Graphs are visual representations of data, and can therefore serve a number of purposes. For one, they can summarize data into a form which the human mind can interpret and find patterns in much faster and with greater ease than by looking at the numerical data. Graphs are also used to understand patterns and trends, and verify calculations.
A good statistical graph, therefore, is one that displays statistical data in a way that is useful based on the type of data available. If you are looking for trends over time, for example, then a simple pie chart will not help as much as a time series bar chart or scatterplot, for example. To make sure your graph fits its purpose try to ask yourself what variables are being considered. In the previous example, time is a variable, so time should be along one axis (generally the x-axis along the horizontal). Whatever data you are using to look for trends, those numeric values would be charted against the y-axis along the vertical.
Graphs should always include titles, axis titles and appropriate axis units and increments. When working with multiple sets of data, graphs should also have legends or data labels. Trend lines are also useful in certain types of graphs, such as bar charts and scatterplots. Descriptive statistical data calculations, such as means or correlations, make for nice additions to statistical graphs, to provide more information about the set of data.
Control charts are a very specific type of time series graph, and include not only the data itself, but control limits (and optionally, specification limits) as well. These control limits provide a readily visible indication when something is going wrong in the process you are trying to maintain control of, whether the mean is going too high or too low. While there are many good uses of control charts, keep in mind their ultimate purpose: to see how in control a process is.
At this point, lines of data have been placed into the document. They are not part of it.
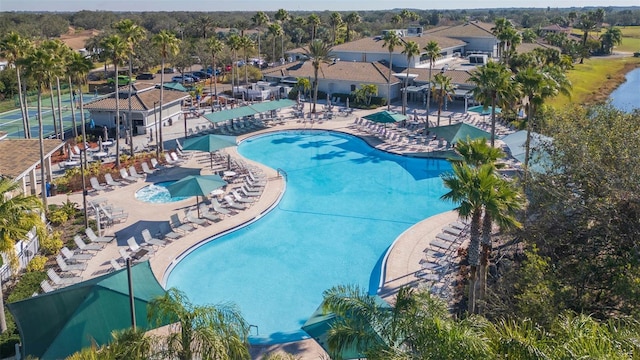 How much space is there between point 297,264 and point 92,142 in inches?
979

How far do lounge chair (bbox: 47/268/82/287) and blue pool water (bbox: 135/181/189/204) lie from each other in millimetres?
9689

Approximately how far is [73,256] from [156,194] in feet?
30.2

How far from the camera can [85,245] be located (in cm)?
2425

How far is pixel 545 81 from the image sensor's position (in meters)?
27.6

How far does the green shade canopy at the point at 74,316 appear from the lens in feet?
50.6

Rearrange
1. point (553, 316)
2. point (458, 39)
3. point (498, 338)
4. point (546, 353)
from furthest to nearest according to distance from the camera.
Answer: point (458, 39) < point (553, 316) < point (498, 338) < point (546, 353)

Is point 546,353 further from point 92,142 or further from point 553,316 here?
point 92,142

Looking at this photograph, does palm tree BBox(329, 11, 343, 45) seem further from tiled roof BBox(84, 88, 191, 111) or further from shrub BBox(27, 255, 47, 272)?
shrub BBox(27, 255, 47, 272)

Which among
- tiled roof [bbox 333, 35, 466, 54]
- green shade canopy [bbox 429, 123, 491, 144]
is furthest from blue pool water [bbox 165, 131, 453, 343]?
tiled roof [bbox 333, 35, 466, 54]

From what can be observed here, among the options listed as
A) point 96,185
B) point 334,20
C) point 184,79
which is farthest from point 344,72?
point 96,185

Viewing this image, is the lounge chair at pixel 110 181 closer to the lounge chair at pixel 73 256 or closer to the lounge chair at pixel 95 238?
the lounge chair at pixel 95 238

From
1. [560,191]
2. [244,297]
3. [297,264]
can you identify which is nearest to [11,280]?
[244,297]

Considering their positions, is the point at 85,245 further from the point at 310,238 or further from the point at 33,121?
the point at 33,121

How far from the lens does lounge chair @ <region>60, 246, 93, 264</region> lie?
22.8m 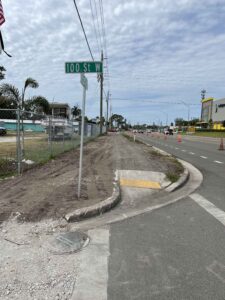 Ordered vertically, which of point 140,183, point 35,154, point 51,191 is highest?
point 35,154

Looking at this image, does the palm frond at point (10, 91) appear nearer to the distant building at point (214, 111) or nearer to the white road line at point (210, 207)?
the white road line at point (210, 207)

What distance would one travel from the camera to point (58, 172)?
1009cm

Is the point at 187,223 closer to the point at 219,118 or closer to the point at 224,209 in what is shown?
the point at 224,209

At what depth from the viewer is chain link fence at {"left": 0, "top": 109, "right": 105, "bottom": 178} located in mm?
9666

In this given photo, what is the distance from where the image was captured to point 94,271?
373cm

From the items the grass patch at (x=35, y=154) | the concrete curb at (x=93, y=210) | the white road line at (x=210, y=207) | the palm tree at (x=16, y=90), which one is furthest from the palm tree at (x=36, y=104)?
the concrete curb at (x=93, y=210)

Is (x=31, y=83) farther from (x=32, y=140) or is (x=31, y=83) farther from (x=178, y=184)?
(x=178, y=184)

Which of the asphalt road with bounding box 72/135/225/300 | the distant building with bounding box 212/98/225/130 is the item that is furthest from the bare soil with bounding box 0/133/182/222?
the distant building with bounding box 212/98/225/130

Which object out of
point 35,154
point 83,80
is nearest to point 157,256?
point 83,80

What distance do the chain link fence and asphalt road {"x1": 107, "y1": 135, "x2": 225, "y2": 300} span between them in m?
5.18

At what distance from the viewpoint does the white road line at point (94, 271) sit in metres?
3.27

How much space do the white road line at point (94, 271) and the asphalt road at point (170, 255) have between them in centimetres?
8

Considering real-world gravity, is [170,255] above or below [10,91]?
below

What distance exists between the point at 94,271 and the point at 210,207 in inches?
147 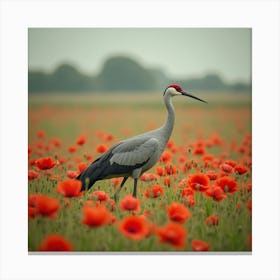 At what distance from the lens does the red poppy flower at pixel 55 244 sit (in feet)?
13.7

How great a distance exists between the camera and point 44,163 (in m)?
4.35

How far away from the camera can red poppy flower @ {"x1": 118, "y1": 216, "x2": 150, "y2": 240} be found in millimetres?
3893

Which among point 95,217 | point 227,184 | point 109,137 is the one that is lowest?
point 95,217

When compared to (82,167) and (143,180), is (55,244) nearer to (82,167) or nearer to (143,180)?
(82,167)

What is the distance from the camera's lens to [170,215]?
4027 mm

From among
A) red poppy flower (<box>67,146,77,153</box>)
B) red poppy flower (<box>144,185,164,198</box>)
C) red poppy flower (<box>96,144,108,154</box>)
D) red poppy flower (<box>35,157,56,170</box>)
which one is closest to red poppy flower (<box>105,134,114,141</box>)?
red poppy flower (<box>96,144,108,154</box>)

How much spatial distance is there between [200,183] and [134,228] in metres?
0.73

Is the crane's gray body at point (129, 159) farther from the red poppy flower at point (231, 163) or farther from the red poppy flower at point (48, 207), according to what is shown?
the red poppy flower at point (231, 163)

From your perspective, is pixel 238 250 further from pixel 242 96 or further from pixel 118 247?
pixel 242 96

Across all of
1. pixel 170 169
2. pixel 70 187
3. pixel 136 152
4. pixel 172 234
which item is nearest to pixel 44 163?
pixel 70 187

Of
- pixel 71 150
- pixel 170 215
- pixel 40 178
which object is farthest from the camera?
pixel 71 150

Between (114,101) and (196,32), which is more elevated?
(196,32)

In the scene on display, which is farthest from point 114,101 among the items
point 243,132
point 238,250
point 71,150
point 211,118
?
point 238,250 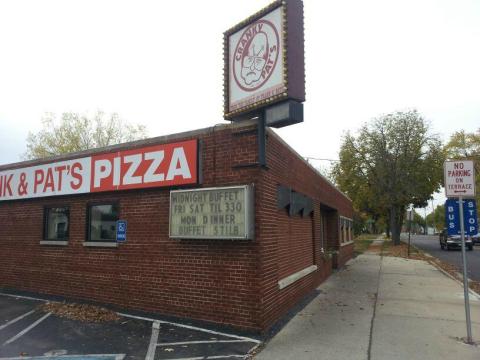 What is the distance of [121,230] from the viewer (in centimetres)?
938

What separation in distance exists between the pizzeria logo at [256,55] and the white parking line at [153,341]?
17.0ft

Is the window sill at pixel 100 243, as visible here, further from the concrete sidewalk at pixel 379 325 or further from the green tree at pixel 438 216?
the green tree at pixel 438 216

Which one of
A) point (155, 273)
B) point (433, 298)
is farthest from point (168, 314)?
point (433, 298)

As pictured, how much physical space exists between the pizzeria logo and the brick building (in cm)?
93

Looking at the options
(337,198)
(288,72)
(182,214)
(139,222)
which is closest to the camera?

If over time you expect your data to fluctuate, like in a stock that you hope to go up, or in inventory which you hope to go down, control charts are not appropriate, as being in control of such ideas would be a bad thing.
There are some interesting characteristics of statistical graphs that may help you in your analysis. Most graphs we see in statistics are Normal distributions, that is, the graph is shaped like a bell curve, and a majority of the data falls equally around the mean. The amount the data is cluttered around the mean can be measured with its kurtosis. When the data is not equally distributed around the mean, the distribution may not be Normally distributed, or it may have a skewness to it, making it lean one way or another. Being able to talk to these descriptive characteristics of statistical graphs will help you better compare graphs and better understand differences between such graphs.
In summary, good statistical graphs should display data in a way that is useful and can be readily interpreted and understood. The graphs should include titles and labels or legends so that there is no question what data is being represented, and the axes should have appropriate units and increments to be able to see trends and patterns easily.